Esas No: 2011/6959
Karar No: 2011/2795
Yargıtay 22. Hukuk Dairesi 2011/6959 Esas 2011/2795 Karar Sayılı İlamı
"İçtihat Metni"
MAHKEMESİ : İzmir 3. İş Mahkemesi
TARİHİ : 15/12/2008
NUMARASI : 2008/111-2008/546
1-Dosyadaki yazılara toplanan delillerle kararın dayandığı kanuni gerektirici sebeplere göre, tarafların aşağıdaki bendin kapsamı dışında kalan temyiz itirazları yerinde değildir.
2-Davacı vekili, işe iade davasının kesinleşmesinin ardından işverene süresinde başvurulduğu halde işçinin işe başlatılmadığını belirterek müvekkilinin alacaklarının tahsiline karar verilmesini istemiştir.
Davalı vekili, davacının işe iadesinin fiilen imkansız olduğunu, mahkeme kararı uyarınca iade edilmesi gereken işyeri olan İzmir İçki Fabrikasının 31.12.2006 tarihinden fiilen ve hukuken kapatılmış bulunduğunu, yasanın amacının işçiyi işe iade etme imkanı bulunmayan işvereni cezalandırmak olmadığını, fiili zaruret dolayısıyla davacının işe başlatılamadığının dikkate alınması gerektiğini, işyerinin kötü niyetli veya muvazaalı olarak kapatıldığının iddia edilmediğini, ayrıca davacıya ihbar ve kıdem tazminatı alacaklarına ilaveten iş güvencesi tazminatı olarak beş aylık ücreti tutarında ödeme yapıldığını, ayrıca davacının işverenliği ibra etmiş olduğunu savunarak davanın reddini talep etmiştir.

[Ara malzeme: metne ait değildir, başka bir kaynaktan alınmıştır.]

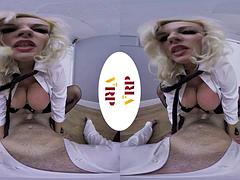 3 dimensionaal, Grote mammen, Blond, Pijpbeurt, Rijpe lesbienne, Moeder die ik wil neuken, Realiteit, Tieten likken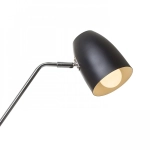 PRAGMA podłogowa czarna chrom 230V LED E27 11W R12989 Rendl light studio
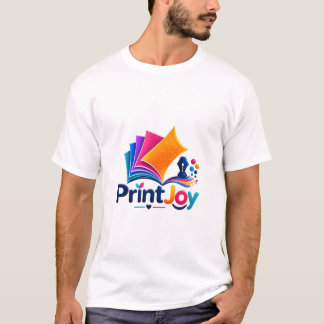 PrintJoy Colorful Printing Logo T-Shirt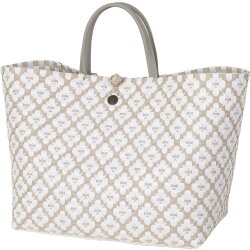 Handed By - Motif Bag Shopper - Pale Grey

Mahkemece, davacının fesihten önce çalıştığı fabrikanın faaliyetine son verildiği, sanayi sicil belgesi ve üretim izinlerinin iptal edilerek işyerinin tasfiye ve tahliye edildiği, işverenin işçiyi işe başlatmasının fiilen mümkün olmadığı gerekçesiyle boşta geçen süre ücreti talebini kabul edilirken, işe başlatmama tazminatı isteği de reddedilmiştir.
Dosya içeriğinden, davacıya fesih sırasında 5 aylık çıplak net ücreti tutarının işgüvencesi tazminatı adı altında ödendiği anlaşılmaktadır. 31.12.2006 tarihli ibranamede her ne kadar söz konusu ödeme işgüvencesi tazminatı olarak nitelendirilmiş ise de, o tarihte işe başlatmama tazminatına hak kazanma koşulları oluşmadığından, yapılan ödemenin işe başlatmama tazminatı olarak değerlendirilmesi mümkün değildir. Bu nedenle bu ödeme olayı, işverence işçiye yapılmış bir fazla ödeme olarak kabul edilip, Borçlar Kanunu’nun 86. Maddesi hükmü dikkate alınarak, öncelikle boşta geçen süre ücretinden mahsup edilmelidir.
Mahkemece bu yön nazara alınmadan, anılan miktarın işe başlatmama tazminatından mahsup edilerek bu talebin reddi hatalı olup bozmayı gerektirmiştir.
SONUÇ: Temyiz olunan kararın yukarıda yazılı sebepten BOZULMASINA, peşin alınan temyiz harcının istek halinde ilgiliye iadesine, 13/10/2011 gününde oybirliğiyle karar verildi.